___ Data to use
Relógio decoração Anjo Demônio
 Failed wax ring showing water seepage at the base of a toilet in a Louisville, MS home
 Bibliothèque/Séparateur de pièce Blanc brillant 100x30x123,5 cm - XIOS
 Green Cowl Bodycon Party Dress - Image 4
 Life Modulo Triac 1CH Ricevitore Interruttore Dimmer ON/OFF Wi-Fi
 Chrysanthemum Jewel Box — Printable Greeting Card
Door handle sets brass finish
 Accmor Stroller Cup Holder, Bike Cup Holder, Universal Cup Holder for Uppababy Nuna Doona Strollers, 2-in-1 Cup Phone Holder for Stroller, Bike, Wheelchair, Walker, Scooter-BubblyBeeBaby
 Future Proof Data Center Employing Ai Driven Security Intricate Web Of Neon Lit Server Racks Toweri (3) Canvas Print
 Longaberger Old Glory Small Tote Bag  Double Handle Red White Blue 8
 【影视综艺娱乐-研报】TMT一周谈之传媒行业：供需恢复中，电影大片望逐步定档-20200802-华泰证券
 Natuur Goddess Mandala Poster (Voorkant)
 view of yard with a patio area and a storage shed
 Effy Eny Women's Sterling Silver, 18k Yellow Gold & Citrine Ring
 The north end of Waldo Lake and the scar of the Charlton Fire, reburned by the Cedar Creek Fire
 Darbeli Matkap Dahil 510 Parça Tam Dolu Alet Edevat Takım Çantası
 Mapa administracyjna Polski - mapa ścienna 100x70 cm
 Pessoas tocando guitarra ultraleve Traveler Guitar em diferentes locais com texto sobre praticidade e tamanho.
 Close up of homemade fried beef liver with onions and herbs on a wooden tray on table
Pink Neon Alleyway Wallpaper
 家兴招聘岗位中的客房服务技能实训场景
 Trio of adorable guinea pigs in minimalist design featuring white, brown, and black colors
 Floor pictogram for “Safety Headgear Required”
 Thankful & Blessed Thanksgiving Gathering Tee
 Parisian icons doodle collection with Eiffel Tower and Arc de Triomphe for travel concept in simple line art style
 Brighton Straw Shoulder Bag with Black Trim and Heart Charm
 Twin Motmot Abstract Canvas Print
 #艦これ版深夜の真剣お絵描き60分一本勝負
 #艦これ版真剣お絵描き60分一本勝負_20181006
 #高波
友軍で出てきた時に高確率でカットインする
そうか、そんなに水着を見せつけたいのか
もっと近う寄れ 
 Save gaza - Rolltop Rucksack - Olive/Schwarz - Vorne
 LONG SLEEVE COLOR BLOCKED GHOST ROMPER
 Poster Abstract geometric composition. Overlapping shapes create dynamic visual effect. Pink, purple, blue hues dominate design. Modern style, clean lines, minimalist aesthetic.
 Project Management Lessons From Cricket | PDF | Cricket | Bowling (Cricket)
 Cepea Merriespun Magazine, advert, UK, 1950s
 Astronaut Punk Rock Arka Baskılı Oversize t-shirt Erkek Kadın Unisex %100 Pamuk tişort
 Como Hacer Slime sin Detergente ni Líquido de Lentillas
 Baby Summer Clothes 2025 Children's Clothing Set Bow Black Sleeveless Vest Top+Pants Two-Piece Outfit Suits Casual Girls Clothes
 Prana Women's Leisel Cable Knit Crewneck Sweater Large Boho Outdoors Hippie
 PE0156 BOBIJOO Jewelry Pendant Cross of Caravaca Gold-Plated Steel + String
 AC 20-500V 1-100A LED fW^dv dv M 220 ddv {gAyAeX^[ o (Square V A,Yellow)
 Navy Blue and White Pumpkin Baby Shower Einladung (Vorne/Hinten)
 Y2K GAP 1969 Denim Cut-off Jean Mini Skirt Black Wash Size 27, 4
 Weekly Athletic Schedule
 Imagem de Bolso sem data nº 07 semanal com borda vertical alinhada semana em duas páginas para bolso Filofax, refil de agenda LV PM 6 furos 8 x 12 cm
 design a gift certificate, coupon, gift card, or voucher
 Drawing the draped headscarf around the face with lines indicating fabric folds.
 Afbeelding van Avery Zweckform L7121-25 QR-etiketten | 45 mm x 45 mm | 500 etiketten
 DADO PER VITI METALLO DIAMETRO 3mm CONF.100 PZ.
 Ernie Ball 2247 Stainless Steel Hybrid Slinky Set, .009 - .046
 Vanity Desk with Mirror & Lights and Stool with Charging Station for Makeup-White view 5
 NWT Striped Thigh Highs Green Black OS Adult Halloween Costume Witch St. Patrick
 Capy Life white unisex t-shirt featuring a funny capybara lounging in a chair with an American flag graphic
______
* **Action item**
Starting with the first line of the entries and ending with the line that has "Door handle sets brass finish", copy each line exactly and add nothing.

* **Task answer**
Relógio decoração Anjo Demônio
 Failed wax ring showing water seepage at the base of a toilet in a Louisville, MS home
 Bibliothèque/Séparateur de pièce Blanc brillant 100x30x123,5 cm - XIOS
 Green Cowl Bodycon Party Dress - Image 4
 Life Modulo Triac 1CH Ricevitore Interruttore Dimmer ON/OFF Wi-Fi
 Chrysanthemum Jewel Box — Printable Greeting Card
Door handle sets brass finish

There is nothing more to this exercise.